Some brands are home-based or vehicle-based with no retail location required. No lease negotiation. No buildout. Your territory is your storefront. And the startup timeline reflects that. Some of these brands can have you operational in 90 days or less.

Others, like fitness studios, gyms, youth sports facilities, and beauty and wellness centers, do require a physical location. But that is not a disadvantage. These brands come with a franchisor who has done this before. Site selection support, buildout guidance, vendor relationships, and a proven process for getting your doors open the right way. You are not figuring it out alone.

The point is this: there is a model that fits your situation, your timeline, and your investment level. The right franchise meets you where you are. That is what the discovery process is designed to find.

"When you invest in a franchise, you're not just buying a business model. You're investing in a culture and a relationship."

What People Misunderstand Most

People think they can just pick a franchise off a shelf. Pull up a list, find one that looks good, write a check. That's not how this works.

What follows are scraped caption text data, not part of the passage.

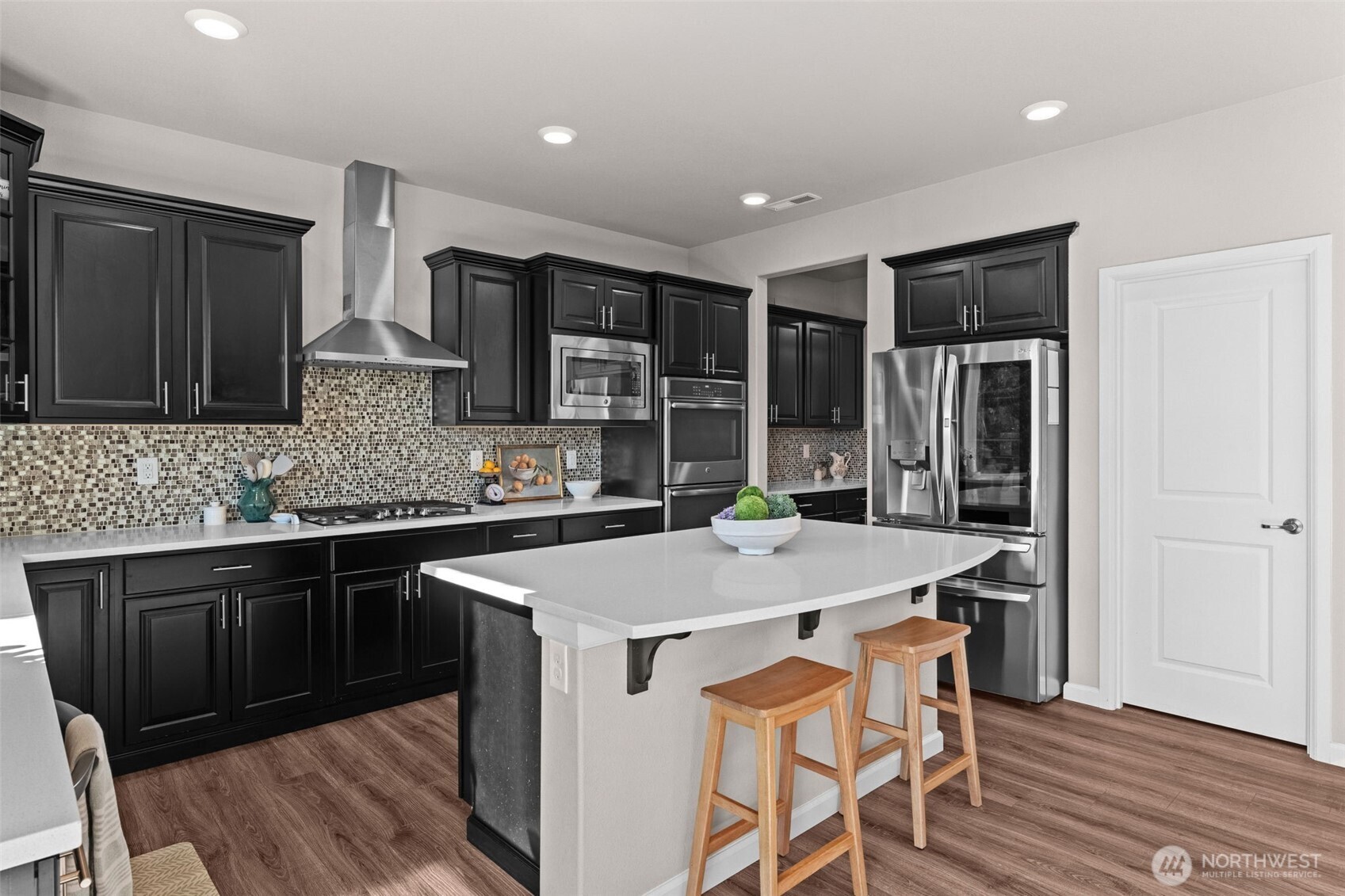 5034 Mariner Street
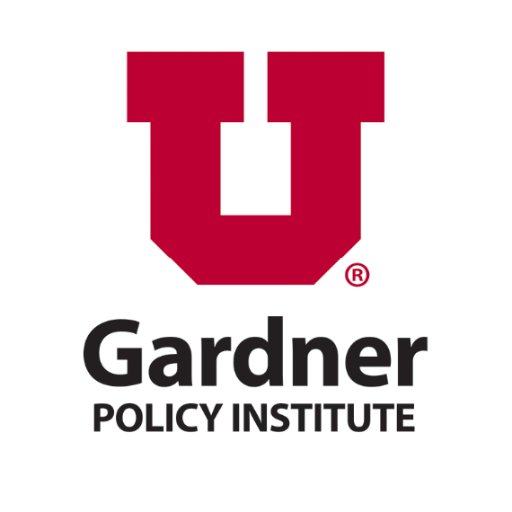Kem C. Gardner Policy Institute Profile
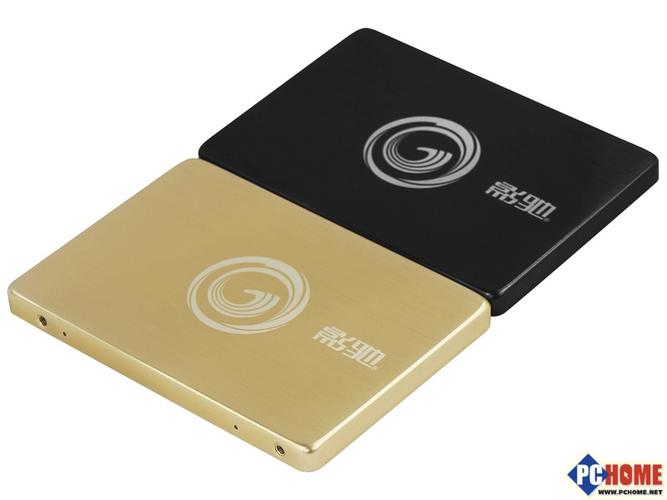 SSD散热与温度测试
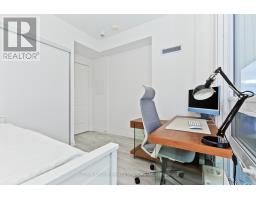 1409 - 4655 Metcalfe Avenue, Mississauga, ON L5M0Z7 Photo 24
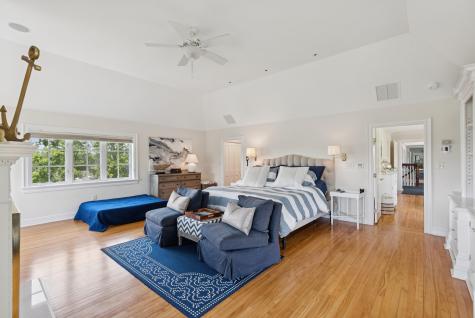 60 Ocean Avenue Kennebunkport ME 04046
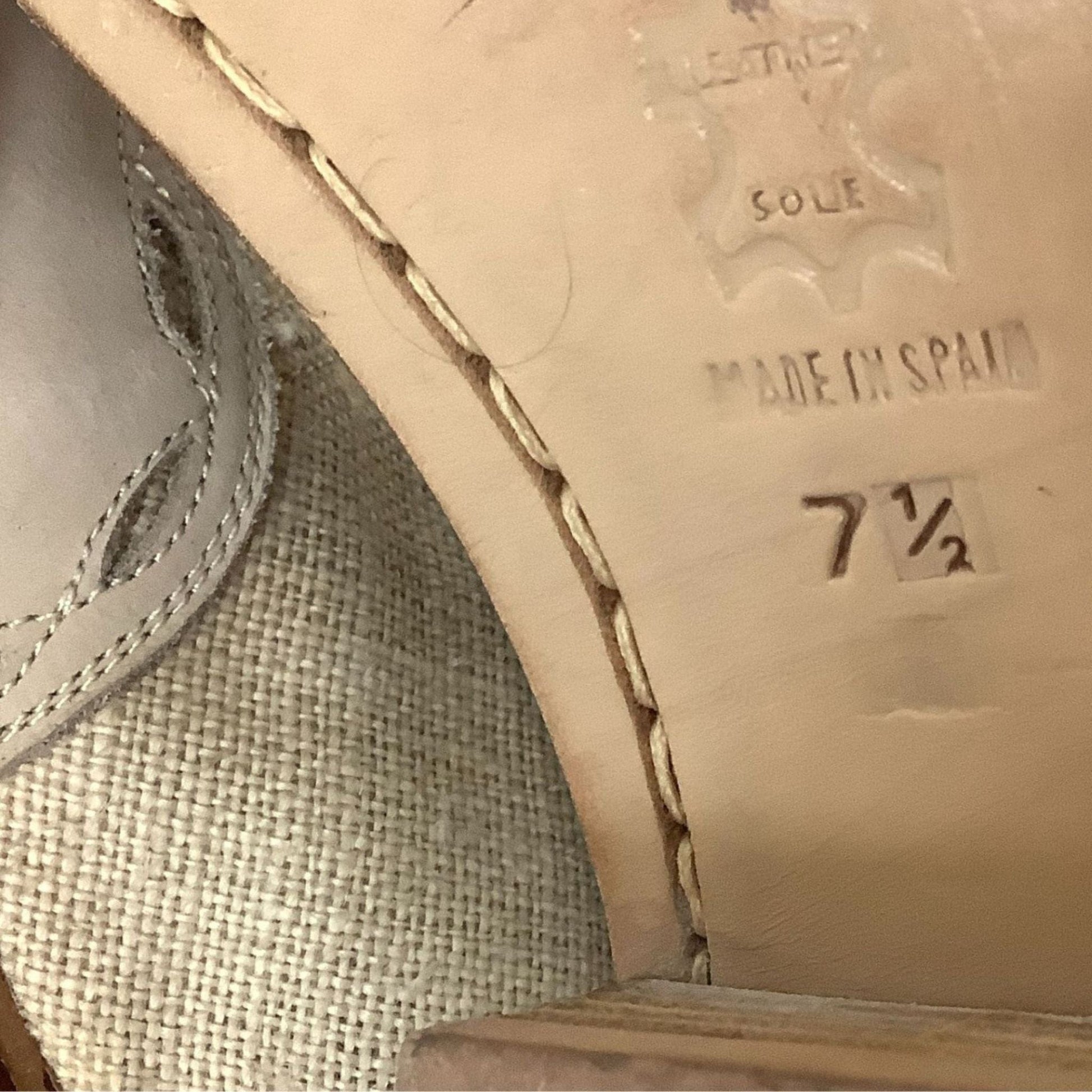 Guess Lace-up Booties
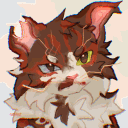 pik_chu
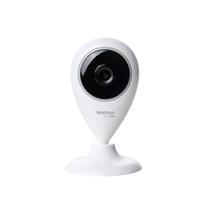 Câmera de segurança Vivitar Smart Home Indoor 720p WiFi Câmera de segurança Vivitar Smart Home Indoor 720p WiFi
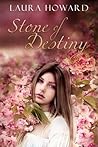Stone of Destiny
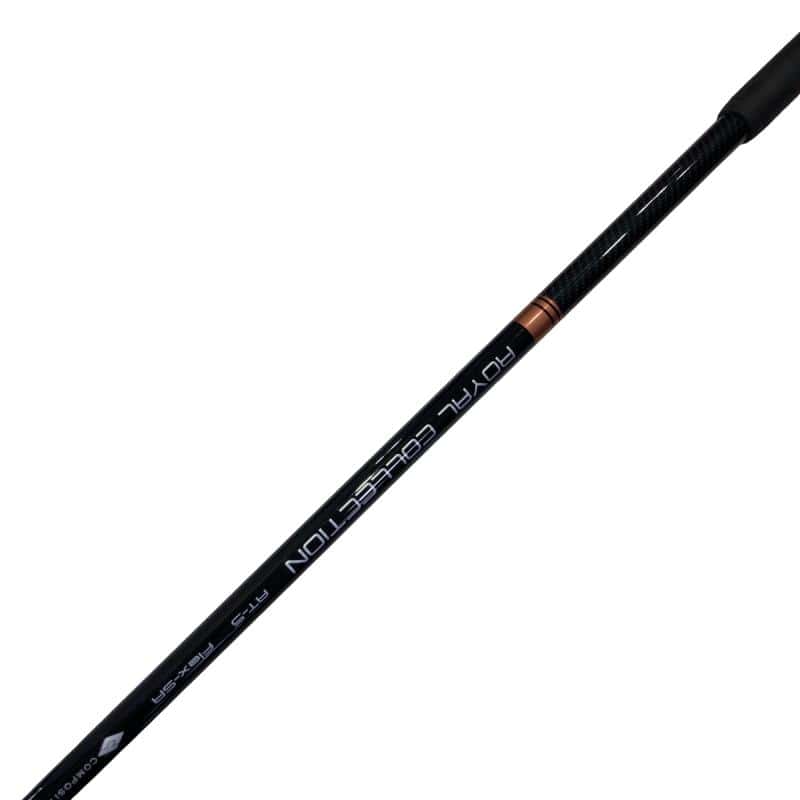 �q�b�@�`�l�|�w�@�T�v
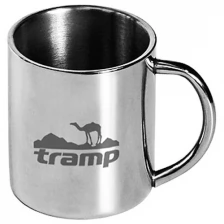 Термокружка Tramp TRC-009.12 300ml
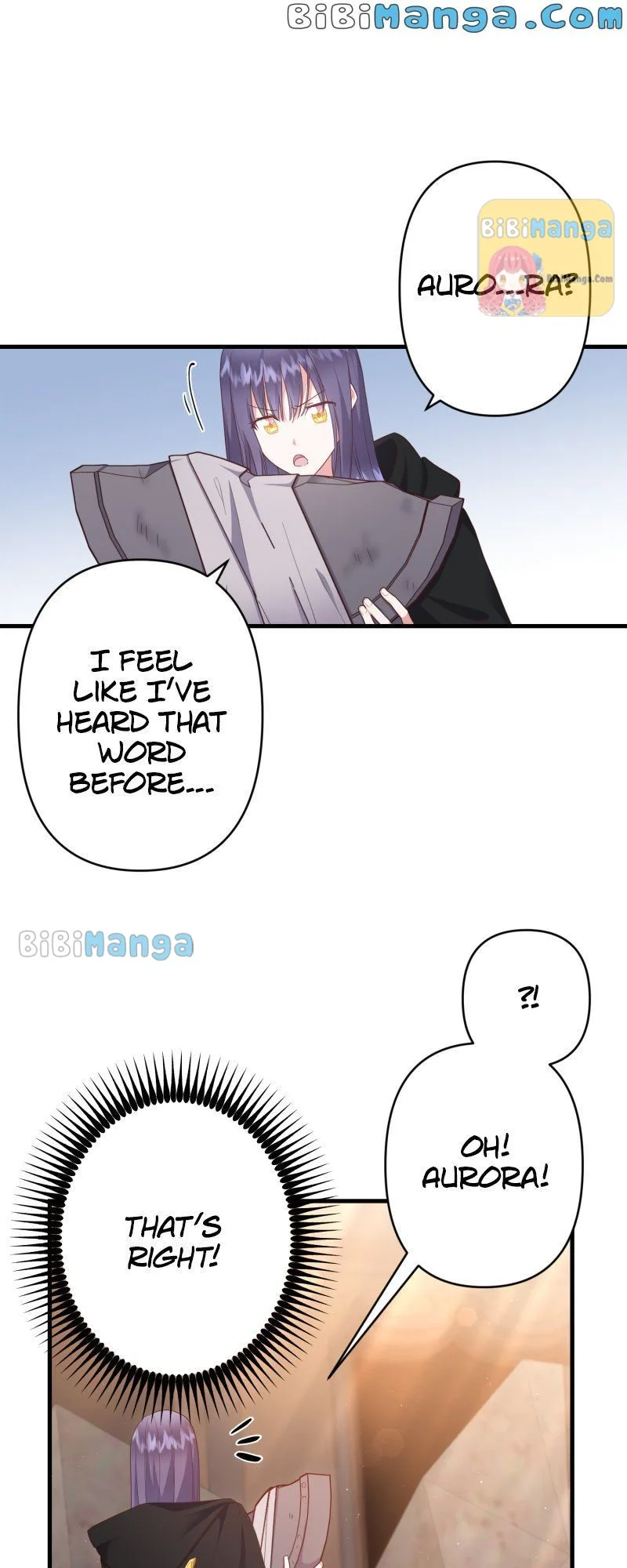 A Twist of Fate: A Wizard’s Fairy Tale Chapter 52 page 5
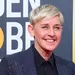 Werknemers klappen opnieuw uit de school over Ellen DeGeneres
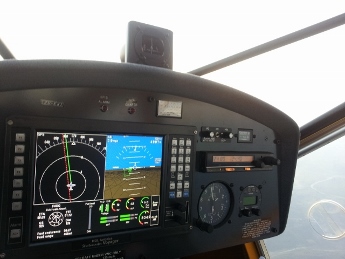 20120713_065508 (640x480) (345x259).jpg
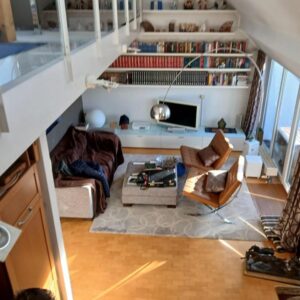 Traumhafte Anlage für Anleger!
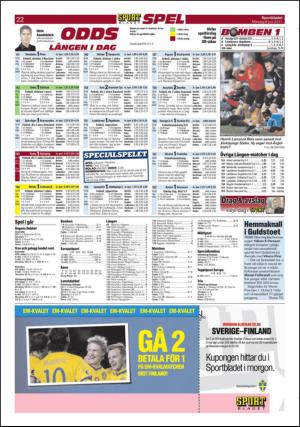 aftonbladet_sport-20110606_000_00_00_022.pdf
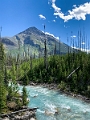RadiumHotSprings204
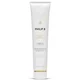 Philip B Light-Weight Deep Conditioner - Paraben Free 6 fl. oz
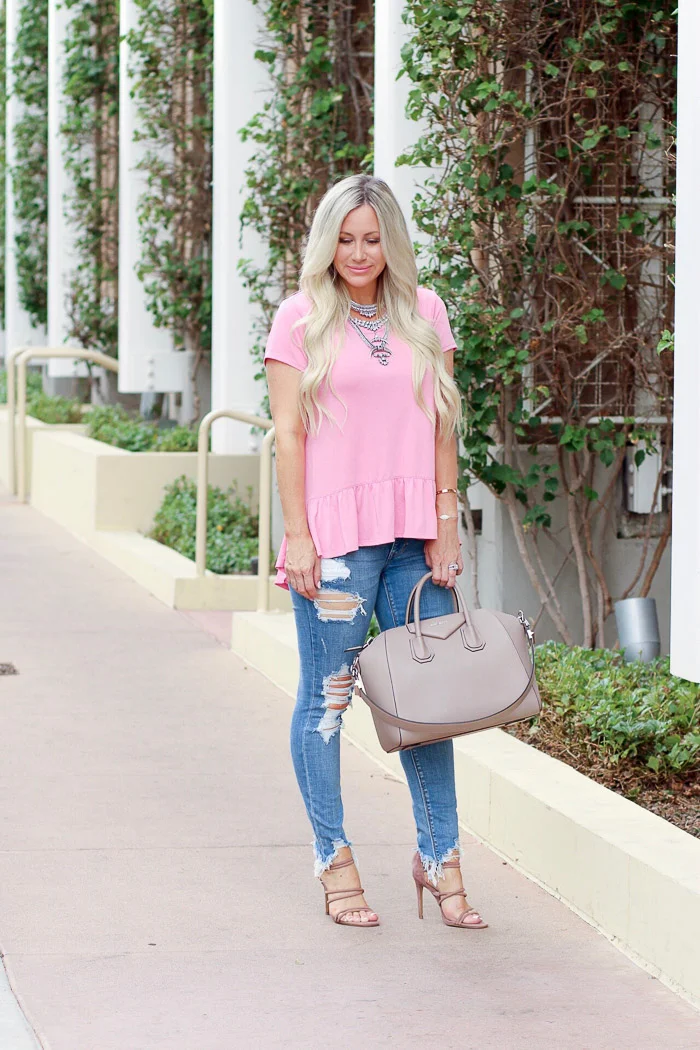 Live Love Blank Blog Instagram Favorites...Round Up and Recap of August 2017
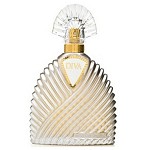 Diva Limited Edition 2010  perfume for Women by Emanuel Ungaro 2010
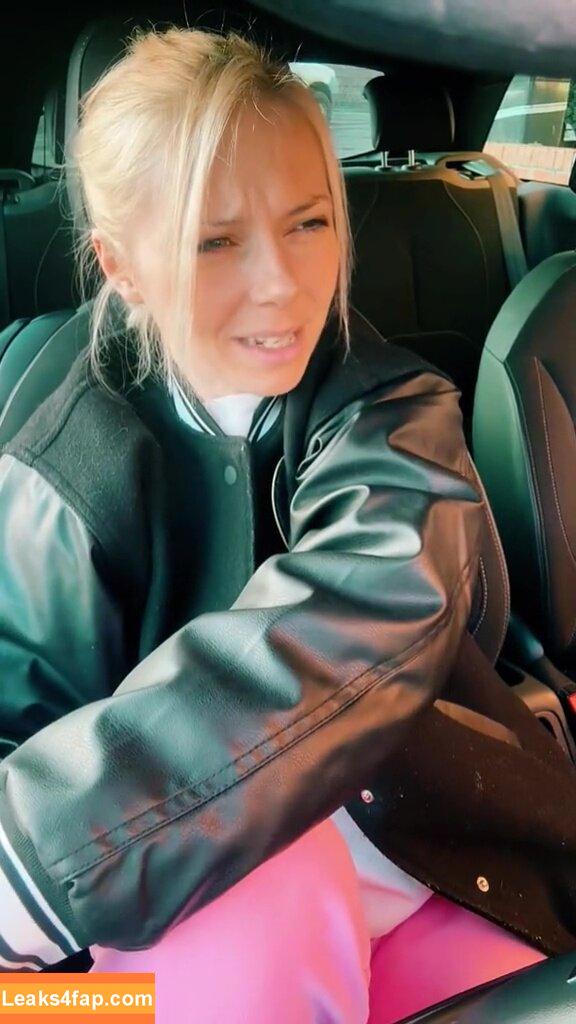 SmileyDani158 / Danuisa Grudzinska / danusiagrudzinska leaked photo photo #0364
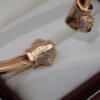 18K Panth¨¨re De Bracelet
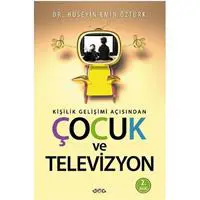 ofix-product-image-0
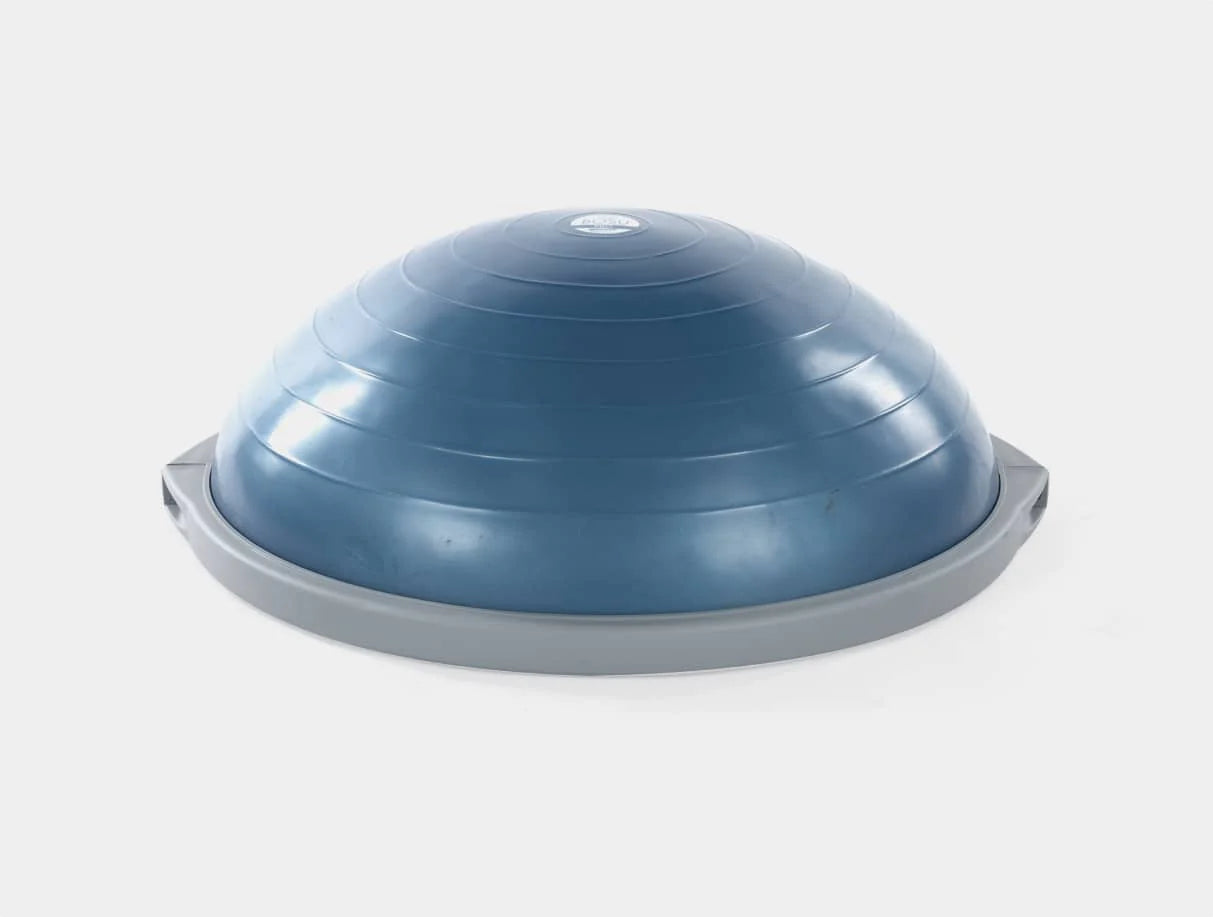 BOSU® Pro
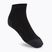 Jack Wolfskin Multifunction Low Cut trekking socks black 1908601_6000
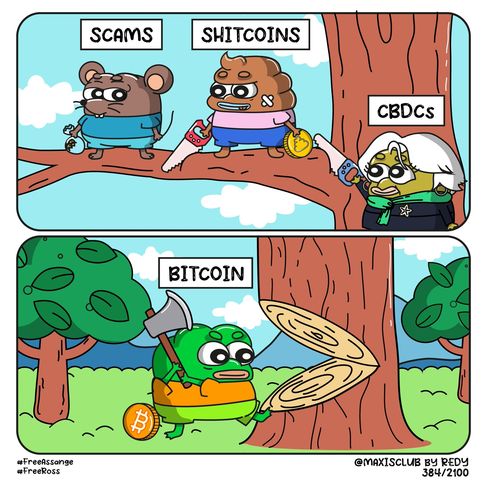 Bitcoin-ywdh.jpg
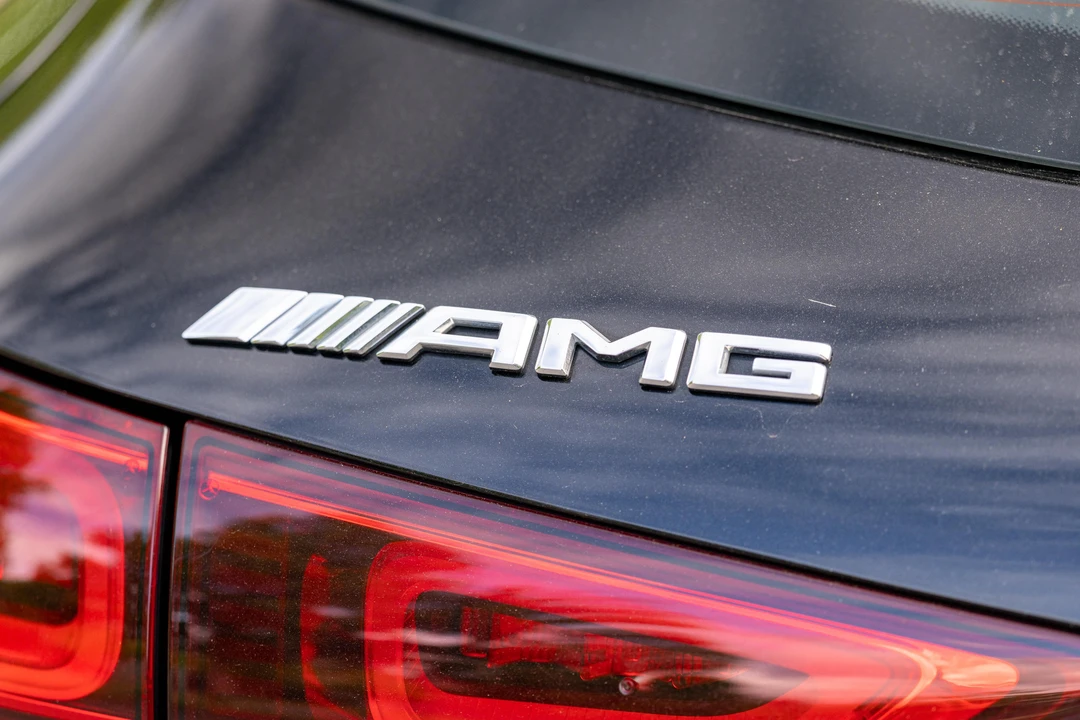 2021 Mercedes-Benz H247 GLA 45 AMG - Image 21 of 31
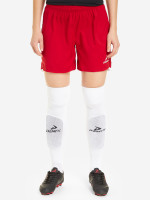 темно-красный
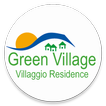 Green Village -  App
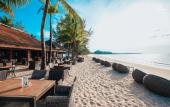Туры в отель Beyond Resort Khaolak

When you invest in a franchise, you're choosing a franchisor you'll be working with for the next 10 years. You're betting on a support system that either makes your life easier or harder every single day.

This is why I ask people to focus less on comparing brand outcomes and more on understanding the playbook, the training, and the people behind it. The right franchise for you isn't necessarily the one with the highest average unit volume. It's the one where your skills plug in most naturally, where the culture fits, and where the franchisor is genuinely invested in your success.

Questions I Get Asked Most

Why do so many people automatically think of restaurants when they think of franchising?

Because there's a McDonald's, Burger King, Wendy's, or Subway on every major street corner. Food franchises are the most visible. But visible doesn't mean best, especially for people who have spent years building real-world experience in other industries.

What non-food franchise categories have especially strong long-term demand?

Home services, senior care, health, fitness and wellness, and business services. Demand in these categories remains strong regardless of economic conditions. These aren't trends. They're tied to demographic realities that aren't going anywhere.

What do people misunderstand most about franchising?

They think they can just pick a franchise off a shelf. In reality, you're investing into a culture and a relationship. The franchisor you choose matters as much as the business model itself.

Is franchising only for corporate executives?

Not at all. Some of the best franchise owners I've worked with came from skilled trades, oil and gas, manufacturing, and small business ownership. If you've spent years leading people, solving problems, and getting things done, franchising rewards that, regardless of where you built those skills.

What should someone ask themselves before exploring franchise ownership?

Two things: Am I willing to put in the work? And is staying comfortable actually the greater risk? That second question is the one most people avoid and the one that matters most.

This Is a Starting Point, Not a Sales Pitch

I'm not here to sell you a franchise. I'm here to help you figure out if franchise ownership is the right move and if it is, to find the one that actually fits your life.